3 Ways to Automate with NGINX and NGINX Plus
In many organizations today, manual processes are slowing down the process of deploying and managing applications. Manual processes create extra work for developers and operations teams, cause unnecessary delays, and increase the time it takes to get new features and critical bug and security fixes into the hands of customers. Automating common tasks – using tools, scripts, and other techniques – is a great way to improve operational efficiency and accelerate the rollout of new features and apps.
The potential improvements to productivity with automation are impressive. With the proper components in place, some companies have been able to deploy new code to production more than 50 times per day, creating a more stable application and increasing customer satisfaction.
High‑performing DevOps teams turn to the open source NGINX software and to NGINX Plus to build fully automated, self‑service pipelines that developers use to effortlessly push out new features, security patches, bug fixes, and whole new applications to production with almost no manual intervention.
This blog covers three methods for automating common workflows using NGINX and NGINX Plus.
For more, register for our live webinar, 3 Ways to Automate App Deployments with NGINX, to be held on Wednesday, July 27, 2016 at 10:00 AM PDT.

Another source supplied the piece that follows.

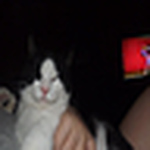 Profile Picture of Faith Smith (@faith:)ann) on Flickr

Method 1 – Pushing New App Versions to Production
Releasing a new version is one of the most common occurrences in the lifecycle of any software application. Common reasons for an update are introducing a new feature or fixing bugs in existing functionality. Updating becomes much simpler and less time‑consuming when it’s automated, as you can ensure that the same process is happening on all your servers simultaneously, and you can define rollback procedures or fallback code.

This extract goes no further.